Exercise » The response must consist of the lines below from the one with "1064 Miraloma Dr" through the one with "Property at 122", exactly as they appear and with both ends kept.

Start of Data records

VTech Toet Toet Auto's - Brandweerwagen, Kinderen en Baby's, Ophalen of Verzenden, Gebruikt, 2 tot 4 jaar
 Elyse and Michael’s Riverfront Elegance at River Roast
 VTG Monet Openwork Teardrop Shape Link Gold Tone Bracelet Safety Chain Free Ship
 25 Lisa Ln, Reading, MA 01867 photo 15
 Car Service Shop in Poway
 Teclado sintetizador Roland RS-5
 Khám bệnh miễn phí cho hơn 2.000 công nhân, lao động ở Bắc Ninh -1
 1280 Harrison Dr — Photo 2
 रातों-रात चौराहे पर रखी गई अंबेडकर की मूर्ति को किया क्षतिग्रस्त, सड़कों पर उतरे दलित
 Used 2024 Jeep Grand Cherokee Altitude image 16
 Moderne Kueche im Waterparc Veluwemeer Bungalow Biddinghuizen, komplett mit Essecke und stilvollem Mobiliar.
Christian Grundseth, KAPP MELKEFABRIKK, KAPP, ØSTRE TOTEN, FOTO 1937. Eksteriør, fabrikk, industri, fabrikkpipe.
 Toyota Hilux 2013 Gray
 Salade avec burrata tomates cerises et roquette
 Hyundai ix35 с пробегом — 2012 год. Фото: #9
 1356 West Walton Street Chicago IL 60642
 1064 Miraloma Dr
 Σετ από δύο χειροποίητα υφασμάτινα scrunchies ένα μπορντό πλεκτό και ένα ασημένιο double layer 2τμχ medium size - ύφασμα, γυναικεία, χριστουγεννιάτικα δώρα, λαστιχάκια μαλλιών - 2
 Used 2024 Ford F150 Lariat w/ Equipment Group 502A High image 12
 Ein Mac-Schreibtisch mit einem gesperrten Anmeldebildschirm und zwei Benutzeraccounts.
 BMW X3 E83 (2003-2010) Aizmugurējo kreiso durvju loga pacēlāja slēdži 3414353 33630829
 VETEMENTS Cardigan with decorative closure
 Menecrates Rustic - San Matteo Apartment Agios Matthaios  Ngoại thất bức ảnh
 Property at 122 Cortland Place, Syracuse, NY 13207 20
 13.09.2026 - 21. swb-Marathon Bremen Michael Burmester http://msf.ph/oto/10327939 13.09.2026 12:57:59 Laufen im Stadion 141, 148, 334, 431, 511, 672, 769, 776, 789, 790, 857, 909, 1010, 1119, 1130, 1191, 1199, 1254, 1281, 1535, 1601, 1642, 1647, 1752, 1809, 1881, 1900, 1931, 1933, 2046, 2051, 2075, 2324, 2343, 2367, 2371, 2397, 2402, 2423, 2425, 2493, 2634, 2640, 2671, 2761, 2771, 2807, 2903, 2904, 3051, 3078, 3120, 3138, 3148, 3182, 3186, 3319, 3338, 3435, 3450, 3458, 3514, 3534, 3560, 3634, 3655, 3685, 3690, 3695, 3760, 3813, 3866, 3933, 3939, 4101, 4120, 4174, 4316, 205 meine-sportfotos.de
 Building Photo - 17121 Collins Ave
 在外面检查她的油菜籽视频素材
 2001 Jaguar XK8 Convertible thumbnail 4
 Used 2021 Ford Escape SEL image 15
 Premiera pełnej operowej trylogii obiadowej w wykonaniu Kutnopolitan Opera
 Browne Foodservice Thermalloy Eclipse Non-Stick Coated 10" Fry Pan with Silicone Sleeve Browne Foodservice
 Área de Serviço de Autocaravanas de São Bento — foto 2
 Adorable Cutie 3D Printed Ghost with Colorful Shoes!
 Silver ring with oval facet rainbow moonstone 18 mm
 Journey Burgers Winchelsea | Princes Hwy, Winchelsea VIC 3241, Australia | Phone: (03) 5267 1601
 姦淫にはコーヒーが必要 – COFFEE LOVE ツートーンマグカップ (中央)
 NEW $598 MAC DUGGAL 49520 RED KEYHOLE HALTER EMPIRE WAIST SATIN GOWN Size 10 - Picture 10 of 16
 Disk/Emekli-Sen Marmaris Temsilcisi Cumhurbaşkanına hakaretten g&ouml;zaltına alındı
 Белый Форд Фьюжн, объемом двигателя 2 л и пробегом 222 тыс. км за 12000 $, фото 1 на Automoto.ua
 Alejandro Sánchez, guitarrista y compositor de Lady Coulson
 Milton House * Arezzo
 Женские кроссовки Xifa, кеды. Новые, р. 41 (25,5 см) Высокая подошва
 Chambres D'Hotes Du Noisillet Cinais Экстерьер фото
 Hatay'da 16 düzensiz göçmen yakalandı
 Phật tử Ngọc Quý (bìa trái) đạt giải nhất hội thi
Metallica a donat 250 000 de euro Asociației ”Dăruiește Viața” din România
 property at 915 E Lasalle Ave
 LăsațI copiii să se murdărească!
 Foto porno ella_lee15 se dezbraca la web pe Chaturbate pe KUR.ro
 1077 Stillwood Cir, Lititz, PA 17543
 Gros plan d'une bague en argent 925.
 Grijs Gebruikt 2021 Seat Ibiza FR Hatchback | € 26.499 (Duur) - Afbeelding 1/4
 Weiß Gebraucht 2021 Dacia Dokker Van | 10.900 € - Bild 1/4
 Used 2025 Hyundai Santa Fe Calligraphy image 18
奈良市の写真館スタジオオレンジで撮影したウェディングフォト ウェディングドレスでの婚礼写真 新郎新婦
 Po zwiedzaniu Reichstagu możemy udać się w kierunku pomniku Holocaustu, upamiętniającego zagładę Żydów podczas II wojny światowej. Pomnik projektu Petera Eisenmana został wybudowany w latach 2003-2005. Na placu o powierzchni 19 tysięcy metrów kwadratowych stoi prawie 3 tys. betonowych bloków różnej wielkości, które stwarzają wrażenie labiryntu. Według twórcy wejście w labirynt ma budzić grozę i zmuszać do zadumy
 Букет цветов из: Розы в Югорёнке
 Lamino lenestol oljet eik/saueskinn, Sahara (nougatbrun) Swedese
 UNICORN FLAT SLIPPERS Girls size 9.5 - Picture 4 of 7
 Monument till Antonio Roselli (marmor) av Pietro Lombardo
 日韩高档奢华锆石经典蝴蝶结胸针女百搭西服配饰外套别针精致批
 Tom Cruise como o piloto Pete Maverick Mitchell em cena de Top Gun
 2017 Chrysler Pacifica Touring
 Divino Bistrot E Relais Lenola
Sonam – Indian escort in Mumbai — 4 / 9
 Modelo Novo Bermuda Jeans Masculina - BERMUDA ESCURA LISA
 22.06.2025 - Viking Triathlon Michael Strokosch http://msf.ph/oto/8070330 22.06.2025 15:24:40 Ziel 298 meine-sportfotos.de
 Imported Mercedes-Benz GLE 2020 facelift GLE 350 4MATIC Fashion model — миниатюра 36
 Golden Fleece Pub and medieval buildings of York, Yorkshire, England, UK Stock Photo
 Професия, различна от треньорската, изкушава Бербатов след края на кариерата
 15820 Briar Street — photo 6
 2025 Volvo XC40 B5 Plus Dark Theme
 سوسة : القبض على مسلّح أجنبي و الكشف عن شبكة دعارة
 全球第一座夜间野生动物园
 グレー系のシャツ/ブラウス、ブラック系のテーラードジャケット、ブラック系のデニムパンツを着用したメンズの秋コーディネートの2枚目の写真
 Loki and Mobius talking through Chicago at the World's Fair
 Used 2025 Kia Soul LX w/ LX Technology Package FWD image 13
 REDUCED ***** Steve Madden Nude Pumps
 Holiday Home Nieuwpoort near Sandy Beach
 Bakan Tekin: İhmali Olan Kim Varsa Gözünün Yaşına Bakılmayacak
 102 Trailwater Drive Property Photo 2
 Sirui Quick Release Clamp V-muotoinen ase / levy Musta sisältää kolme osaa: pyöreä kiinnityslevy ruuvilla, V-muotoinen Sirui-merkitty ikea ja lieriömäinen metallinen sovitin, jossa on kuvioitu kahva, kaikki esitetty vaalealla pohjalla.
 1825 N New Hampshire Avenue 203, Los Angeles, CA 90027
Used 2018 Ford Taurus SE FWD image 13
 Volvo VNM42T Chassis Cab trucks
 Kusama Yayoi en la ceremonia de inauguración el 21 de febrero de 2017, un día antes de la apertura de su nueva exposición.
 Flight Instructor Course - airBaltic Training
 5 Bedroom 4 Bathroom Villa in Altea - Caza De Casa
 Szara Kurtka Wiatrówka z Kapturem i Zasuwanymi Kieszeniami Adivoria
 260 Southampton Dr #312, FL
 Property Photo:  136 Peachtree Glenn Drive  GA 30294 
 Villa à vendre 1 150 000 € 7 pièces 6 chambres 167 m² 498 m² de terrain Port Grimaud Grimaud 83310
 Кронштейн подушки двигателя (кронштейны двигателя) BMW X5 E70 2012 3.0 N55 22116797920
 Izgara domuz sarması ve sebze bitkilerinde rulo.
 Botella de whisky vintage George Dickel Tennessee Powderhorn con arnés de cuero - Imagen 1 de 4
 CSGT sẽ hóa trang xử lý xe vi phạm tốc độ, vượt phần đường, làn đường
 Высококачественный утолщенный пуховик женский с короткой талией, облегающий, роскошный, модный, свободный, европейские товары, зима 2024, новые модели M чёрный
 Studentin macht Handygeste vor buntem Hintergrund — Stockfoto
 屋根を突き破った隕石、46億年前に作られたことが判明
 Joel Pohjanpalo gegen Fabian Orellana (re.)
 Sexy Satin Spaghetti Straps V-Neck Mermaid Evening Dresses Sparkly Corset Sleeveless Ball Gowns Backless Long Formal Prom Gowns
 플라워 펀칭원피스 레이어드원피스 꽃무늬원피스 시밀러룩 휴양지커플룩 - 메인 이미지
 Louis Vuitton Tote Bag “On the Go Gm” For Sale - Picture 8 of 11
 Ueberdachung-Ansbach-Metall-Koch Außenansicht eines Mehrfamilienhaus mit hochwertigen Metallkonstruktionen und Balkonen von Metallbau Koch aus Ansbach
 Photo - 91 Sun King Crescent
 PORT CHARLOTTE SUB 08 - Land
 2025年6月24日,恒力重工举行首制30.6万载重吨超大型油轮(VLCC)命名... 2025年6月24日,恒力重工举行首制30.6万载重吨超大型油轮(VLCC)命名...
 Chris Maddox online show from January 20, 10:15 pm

End of Data records

Task response »
 1064 Miraloma Dr
 Σετ από δύο χειροποίητα υφασμάτινα scrunchies ένα μπορντό πλεκτό και ένα ασημένιο double layer 2τμχ medium size - ύφασμα, γυναικεία, χριστουγεννιάτικα δώρα, λαστιχάκια μαλλιών - 2
 Used 2024 Ford F150 Lariat w/ Equipment Group 502A High image 12
 Ein Mac-Schreibtisch mit einem gesperrten Anmeldebildschirm und zwei Benutzeraccounts.
 BMW X3 E83 (2003-2010) Aizmugurējo kreiso durvju loga pacēlāja slēdži 3414353 33630829
 VETEMENTS Cardigan with decorative closure
 Menecrates Rustic - San Matteo Apartment Agios Matthaios  Ngoại thất bức ảnh
 Property at 122 Cortland Place, Syracuse, NY 13207 20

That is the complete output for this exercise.